Une adresse à noter
pour une halte chez trois familles de Budapest chamboulées par la guerre, et poursuivies par le fantôme d'un des leurs, bien après que les armes se soient tues.
Balint, Irèn, Blanka et Henriette sont les enfants qui vont grandir ensemble puisque leurs parents sont voisins et que leurs jardins communiquent. Les trois filles sont toutes amoureuses de Balint, mais un lien particulier se nouera entre ce dernier et Irèn, les menant jusqu'aux fiancailles.
La fête sera interrompue par l'arrestation des parents d'Henriette. A partir de ce jour, un enchaînement de faits guidés par les sentiments des uns et des autres, conduira les membres de ces familles au bord du gouffre, et Henriette verra sa vie s'achever alors qu'elle n'a que seize ans.
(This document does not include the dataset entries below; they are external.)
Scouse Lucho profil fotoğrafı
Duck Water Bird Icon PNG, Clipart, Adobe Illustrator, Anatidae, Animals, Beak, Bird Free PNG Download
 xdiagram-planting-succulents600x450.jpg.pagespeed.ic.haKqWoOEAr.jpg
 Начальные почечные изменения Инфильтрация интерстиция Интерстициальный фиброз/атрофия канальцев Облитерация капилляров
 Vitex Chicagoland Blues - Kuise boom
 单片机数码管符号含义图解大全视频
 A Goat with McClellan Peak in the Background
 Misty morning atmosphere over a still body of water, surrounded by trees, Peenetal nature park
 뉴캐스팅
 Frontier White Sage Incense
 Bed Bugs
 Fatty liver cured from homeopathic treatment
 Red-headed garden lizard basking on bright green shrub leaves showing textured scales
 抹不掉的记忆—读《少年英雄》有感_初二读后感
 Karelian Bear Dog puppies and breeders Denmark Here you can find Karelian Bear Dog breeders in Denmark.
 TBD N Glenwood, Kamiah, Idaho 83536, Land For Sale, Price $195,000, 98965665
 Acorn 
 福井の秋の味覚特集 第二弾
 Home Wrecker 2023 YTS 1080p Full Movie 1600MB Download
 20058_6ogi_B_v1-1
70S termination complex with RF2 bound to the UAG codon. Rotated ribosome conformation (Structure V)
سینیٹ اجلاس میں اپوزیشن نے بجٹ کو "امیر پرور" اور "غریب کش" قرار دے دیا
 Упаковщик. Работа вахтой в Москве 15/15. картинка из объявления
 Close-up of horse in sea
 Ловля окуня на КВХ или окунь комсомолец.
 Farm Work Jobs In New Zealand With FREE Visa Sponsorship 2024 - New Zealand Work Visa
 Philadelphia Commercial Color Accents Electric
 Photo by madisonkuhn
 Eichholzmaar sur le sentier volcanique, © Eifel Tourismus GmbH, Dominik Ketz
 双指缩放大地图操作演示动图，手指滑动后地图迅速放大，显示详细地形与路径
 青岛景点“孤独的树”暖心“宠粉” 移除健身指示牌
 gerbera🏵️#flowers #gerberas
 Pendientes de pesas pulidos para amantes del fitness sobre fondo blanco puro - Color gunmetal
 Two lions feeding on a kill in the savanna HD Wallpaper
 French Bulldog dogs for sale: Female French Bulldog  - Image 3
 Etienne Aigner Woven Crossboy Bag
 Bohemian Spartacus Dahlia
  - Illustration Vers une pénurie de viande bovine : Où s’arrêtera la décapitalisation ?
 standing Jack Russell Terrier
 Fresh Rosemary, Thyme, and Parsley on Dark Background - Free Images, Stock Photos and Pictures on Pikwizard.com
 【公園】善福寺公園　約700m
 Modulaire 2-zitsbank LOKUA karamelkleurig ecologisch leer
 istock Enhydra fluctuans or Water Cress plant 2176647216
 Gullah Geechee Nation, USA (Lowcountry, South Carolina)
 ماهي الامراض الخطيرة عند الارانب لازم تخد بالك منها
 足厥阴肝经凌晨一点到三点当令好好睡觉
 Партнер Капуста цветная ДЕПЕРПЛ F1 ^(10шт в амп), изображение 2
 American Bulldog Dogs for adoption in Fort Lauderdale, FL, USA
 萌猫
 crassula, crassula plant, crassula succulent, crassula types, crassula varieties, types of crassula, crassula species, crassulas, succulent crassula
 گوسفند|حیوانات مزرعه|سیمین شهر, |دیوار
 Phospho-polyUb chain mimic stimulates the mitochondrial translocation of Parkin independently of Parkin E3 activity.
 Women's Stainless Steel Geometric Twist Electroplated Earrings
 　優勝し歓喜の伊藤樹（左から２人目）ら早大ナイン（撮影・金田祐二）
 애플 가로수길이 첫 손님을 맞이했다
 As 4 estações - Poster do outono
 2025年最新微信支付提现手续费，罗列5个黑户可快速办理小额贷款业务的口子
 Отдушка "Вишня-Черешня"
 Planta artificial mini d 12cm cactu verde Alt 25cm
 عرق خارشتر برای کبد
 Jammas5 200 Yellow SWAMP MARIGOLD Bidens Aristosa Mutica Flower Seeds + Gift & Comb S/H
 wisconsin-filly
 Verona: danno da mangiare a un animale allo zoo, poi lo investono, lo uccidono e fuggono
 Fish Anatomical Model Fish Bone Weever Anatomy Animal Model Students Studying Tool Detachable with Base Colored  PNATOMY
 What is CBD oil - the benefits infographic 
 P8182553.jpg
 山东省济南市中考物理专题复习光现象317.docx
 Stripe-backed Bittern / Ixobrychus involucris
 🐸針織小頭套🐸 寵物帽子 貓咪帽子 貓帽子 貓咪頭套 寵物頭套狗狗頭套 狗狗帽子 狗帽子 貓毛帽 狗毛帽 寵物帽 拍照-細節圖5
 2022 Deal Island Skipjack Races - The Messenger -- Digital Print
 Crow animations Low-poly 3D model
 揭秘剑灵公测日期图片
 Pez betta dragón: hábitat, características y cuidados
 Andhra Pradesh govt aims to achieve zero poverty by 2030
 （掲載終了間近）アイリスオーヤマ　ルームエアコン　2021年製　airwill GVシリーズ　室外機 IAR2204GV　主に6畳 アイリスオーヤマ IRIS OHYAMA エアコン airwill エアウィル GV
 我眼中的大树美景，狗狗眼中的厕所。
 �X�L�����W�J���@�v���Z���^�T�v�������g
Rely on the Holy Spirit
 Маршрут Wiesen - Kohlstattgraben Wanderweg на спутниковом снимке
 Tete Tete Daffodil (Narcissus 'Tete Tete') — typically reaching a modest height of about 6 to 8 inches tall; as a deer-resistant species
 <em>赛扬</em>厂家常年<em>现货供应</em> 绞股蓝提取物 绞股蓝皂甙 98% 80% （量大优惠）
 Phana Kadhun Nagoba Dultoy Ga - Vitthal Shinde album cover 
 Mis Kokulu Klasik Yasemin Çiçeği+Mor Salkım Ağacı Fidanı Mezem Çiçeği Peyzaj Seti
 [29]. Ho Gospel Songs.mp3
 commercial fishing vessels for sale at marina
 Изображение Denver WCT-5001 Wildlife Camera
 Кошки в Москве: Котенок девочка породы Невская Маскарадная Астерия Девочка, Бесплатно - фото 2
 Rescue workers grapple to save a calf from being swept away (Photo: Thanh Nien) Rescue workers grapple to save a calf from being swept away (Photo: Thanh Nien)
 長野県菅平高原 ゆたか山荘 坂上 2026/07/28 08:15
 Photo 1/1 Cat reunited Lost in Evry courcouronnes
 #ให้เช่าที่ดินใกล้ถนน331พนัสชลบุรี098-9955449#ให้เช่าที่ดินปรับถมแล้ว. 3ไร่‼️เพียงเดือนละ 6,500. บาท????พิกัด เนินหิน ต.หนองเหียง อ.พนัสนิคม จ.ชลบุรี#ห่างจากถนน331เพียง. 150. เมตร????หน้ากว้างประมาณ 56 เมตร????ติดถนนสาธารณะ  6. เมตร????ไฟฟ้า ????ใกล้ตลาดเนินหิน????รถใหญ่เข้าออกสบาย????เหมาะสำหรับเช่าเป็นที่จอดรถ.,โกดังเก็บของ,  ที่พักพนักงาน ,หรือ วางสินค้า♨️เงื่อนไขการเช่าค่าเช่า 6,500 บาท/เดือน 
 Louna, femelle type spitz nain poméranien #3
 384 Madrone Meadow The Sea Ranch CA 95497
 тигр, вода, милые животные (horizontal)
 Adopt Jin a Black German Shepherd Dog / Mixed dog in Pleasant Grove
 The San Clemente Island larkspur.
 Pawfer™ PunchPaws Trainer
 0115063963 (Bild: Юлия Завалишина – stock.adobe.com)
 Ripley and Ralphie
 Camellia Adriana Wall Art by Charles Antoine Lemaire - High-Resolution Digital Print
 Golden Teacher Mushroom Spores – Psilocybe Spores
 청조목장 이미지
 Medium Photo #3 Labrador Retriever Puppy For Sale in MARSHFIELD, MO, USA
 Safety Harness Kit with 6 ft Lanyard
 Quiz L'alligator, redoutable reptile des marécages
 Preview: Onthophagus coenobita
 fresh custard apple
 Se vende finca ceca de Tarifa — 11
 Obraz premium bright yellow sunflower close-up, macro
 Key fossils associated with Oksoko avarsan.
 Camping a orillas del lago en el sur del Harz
"1952, pensa Henriette en accompagnant Balint, et elle hésita un instant à rester près de Blanka dont elle ne pouvait comprendre ni la démarche, ni l'attitude. Je ne comprends pas un mot de tout cela. Que vous faites-vous l'un à l'autre ? Qu'est-ce que cela signifie ? Si j'étais en vie, j'aurais vingt-quatre ans à présent."
Mélange de voix, celles des vivants et des morts, pour nous narrer ce drame et les conséquences du silence qui l'entoura. Conséquences qui se déploieront par capillarité sur chacun, petites rigoles serpentant dans la vie à venir, se transformant parfois en lames de fond au gré des événements et des émotions.
C'est un livre magnifique qui m'a tenu éveillée jusqu'à une heure avancée de la nuit.
Le début est un peu déroutant, aussi ne cherchez pas à comprendre qui parle, ni où vous êtes, ni à quelle époque. Laissez-vous entraîner, tout s'éclaire par la suite. Ce procédé n'a sans doute pour seul but que de souligner à quel point les destins sont liés, les mémoires des uns et des autres enchevêtrées, et les êtres omniprésents au-delà de la mort.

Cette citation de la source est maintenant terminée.